A deputy chief with the Camden Police Department has filed a lawsuit against the city, county, and state, alleging he was verbally abused and subjected to a hostile work environment because he is a white male.
Michael Tompkins, 50, a 23-year veteran, is on leave for a disability he says was created by the department's top leaders, who repeatedly demeaned him, retaliated against him, and undermined his authority.
As a result of the "defendants' discrimination and hostile work environment, plaintiff has been damaged," said the lawsuit, filed late Wednesday afternoon.
Four current and former police officials are named as well, accused of discriminating against white, middle-aged men whom officials wanted to purge from the payroll, according to the lawsuit, which seeks monetary compensation.

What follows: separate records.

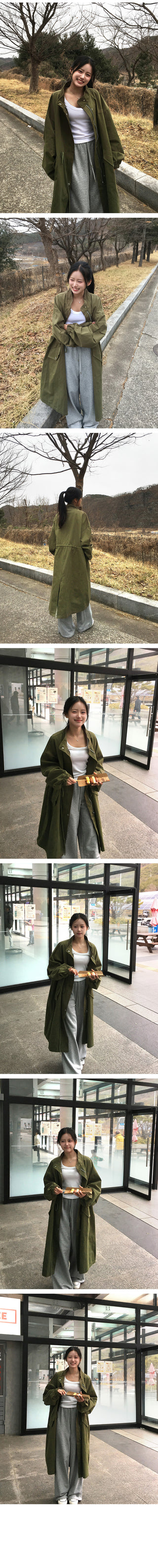 String military jacket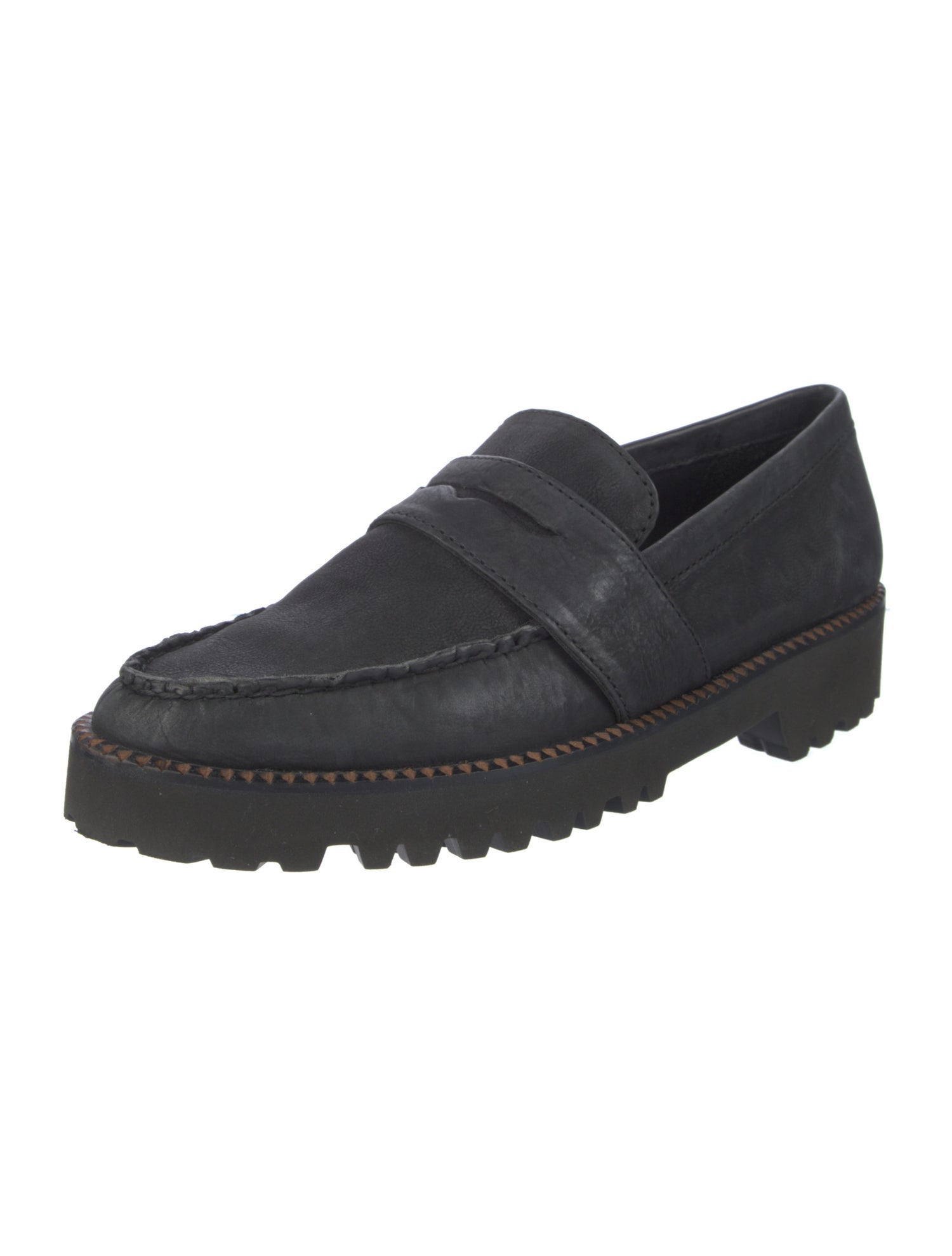Freda Salvador Leather Loafers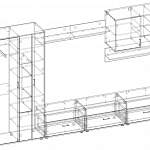 Схема сборки Гостиная Франко BMS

City officials either declined to comment or did not return calls for comment.
It is the latest of several lawsuits pending against the police department that include similar allegations of discrimination and a hostile work environment, including one filed by a commander whose trial is under way in Camden County Superior Court.
The 500-member department, which polices a city ranked with the highest crime rate in the nation, has seen five leadership changes in five years.

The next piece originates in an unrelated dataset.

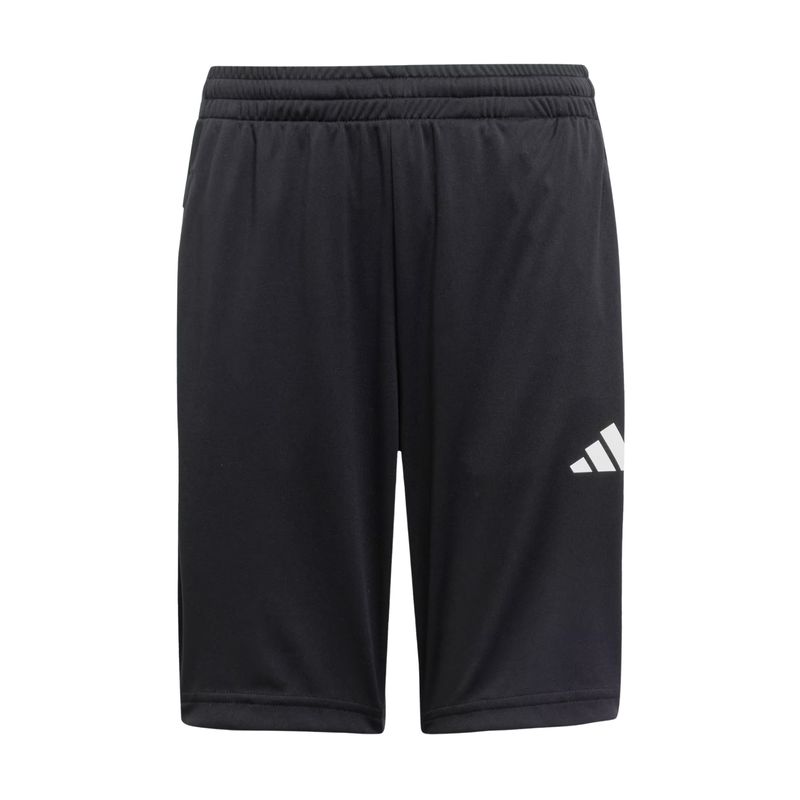 shorts-adidas-train-essentials-3-stripes-infantil-preto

According to Tompkins' lawsuit, his troubles began in 2006, when the city hired Arturo Venegas, a retired police chief from Sacramento, Calif., as a civilian executive to oversee the Camden Police Department.
"Almost immediately upon assuming his position . . . Venegas began to discriminate against [Tompkins], based upon plaintiff's status as a middle-aged white Caucasian male," the lawsuit alleges, adding the discrimination continued under Chief Scott Thompson after Venegas left.
Venegas resigned from the $170,000-a-year job after 17 months.
Venegas could not be reached for comment. Thompson did not respond to messages for comment and police department spokeswoman Teresa Sicard Archambeault referred questions to the city attorney, who did not return calls.
According to the lawsuit, when Tompkins voiced concern about other white males being passed over for promotion for positions filled with minorities, the leadership began retaliating against him with disciplinary actions, one time suspending him for six months.
Prior to 2006, the lawsuit said, Tompkins had a clean record with the department.
"Venegas continued to engage in hostile, threatening, and abusive conduct," the lawsuit said. "Routinely speaking to him in a condescending and derogatory manner, repeatedly threatening to fire the plaintiff, having expressed such threats in plaintiff's presence on at least four occasions."
On another occasion, Tompkins was told by another official he was "getting old" and a new statute would allow the city to fire those who were not doing their jobs, the lawsuit said. Tompkins' office was given to another commander while Tompkins was reassigned to a smaller office not properly equipped and infested with ants, the lawsuit said.